The Solar Orbiter has released its first measurements which show how the magnetic field decreases from the vicinity of the spacecraft to where the instruments are deployed.

The UK-built Solar Orbiter launched on Monday 10 February. It carries ten scientific instruments, four of which measure properties of the environment around the spacecraft, especially electromagnetic characteristics of the solar wind, the stream of charged particles flowing from the Sun. Three of these ‘in situ’ instruments have sensors located on the 4.4 m-long boom.

Tim Horbury of Imperial College London, Principal Investigator for the Magnetometer instrument (MAG), said: “We measure magnetic fields thousands of times smaller than those we are familiar with on Earth.

“Even currents in electrical wires make magnetic fields far larger than what we need to measure. That’s why our sensors are on a boom, to keep them away from all the electrical activity inside the spacecraft.”

Ground controllers at the European Space Operations Centre in Darmstadt, Germany, switched on the magnetometer’s two sensors (one near the end of the boom and the other close to the spacecraft) about 21 hours after lift-off.

The instrument recorded data before, during and after the boom’s deployment, allowing the scientists to understand the influence of the spacecraft on measurements in the space environment.

The first glimpse of the significantly weaker magnetic field

Tim Horbury says: “The data we received shows how the magnetic field decreases from the vicinity of the spacecraft to where the instruments are actually deployed.

“This is an independent confirmation that the boom actually deployed and that the instruments will, indeed, provide accurate scientific measurements in the future.

“As the titanium/carbon-fibre boom stretched out over an overall 30-minute period on Wednesday, almost three days after lift-off, the scientists could observe the level of the magnetic field decrease by about one order of magnitude.

“While at the beginning they saw mostly the magnetic field of the spacecraft, at the end of the procedure, they got the first glimpse of the significantly weaker magnetic field in the surrounding environment.”

Matthieu Kretzschmar, of Laboratoire de Physique et Chimie de l’Environnement et de l’Espace in Orleans, France, Lead Co-investigator behind another sensor located on the boom, the high frequency magnetometer of the Radio and Plasma Waves instrument (RPW) instrument says: “Measuring before, during, and after the boom deployment helps us to identify and characterise signals that are not linked to the solar wind, such as perturbations coming from the spacecraft platform and other instruments.

“The spacecraft underwent extensive testing on ground to measure its magnetic properties in a special simulation facility, but we couldn’t fully test this aspect until now, in space, because the test equipment usually prevents us from reaching the needed very low level of magnetic field fluctuations.”

Next, the instruments will have to be calibrated with the scientific data being collecting from mid-May.

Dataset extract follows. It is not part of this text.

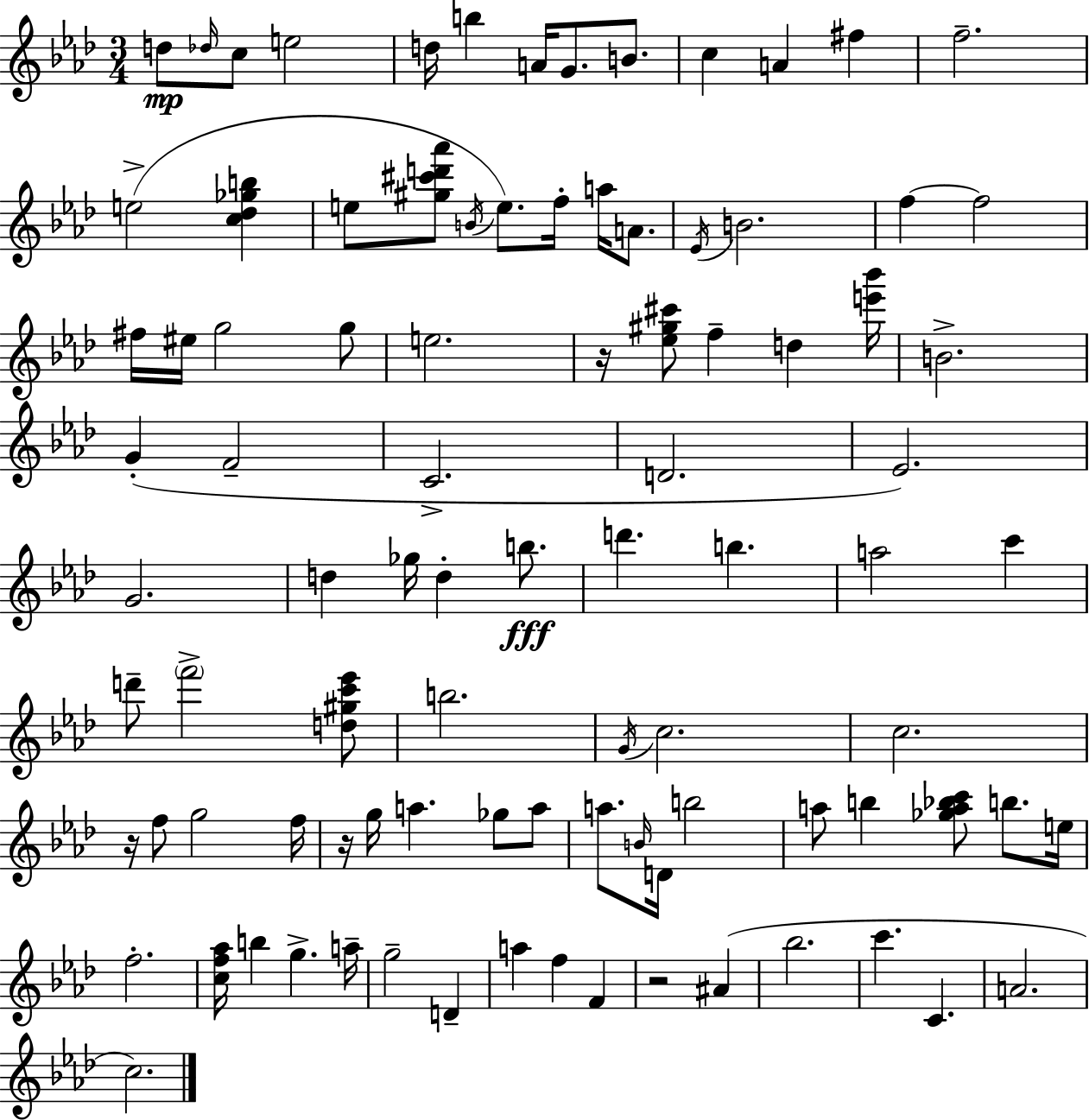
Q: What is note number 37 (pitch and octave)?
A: Eb4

UK scientists were instrumental in proposing the Solar Orbiter mission to ESA. The UK Space Agency provided funding for four of the 10 scientific instruments on board the spacecraft. Imperial College London, the Science and Technology Facilities Council’s RAL Space and UCL led international teams to design and build three instruments, while UCL also contributed to the fourth.

Engineers at Airbus in Stevenage designed and built the spacecraft to withstand the scorching heat from the Sun that will hit one side, while the other is frozen as the orbit keeps it in shadow.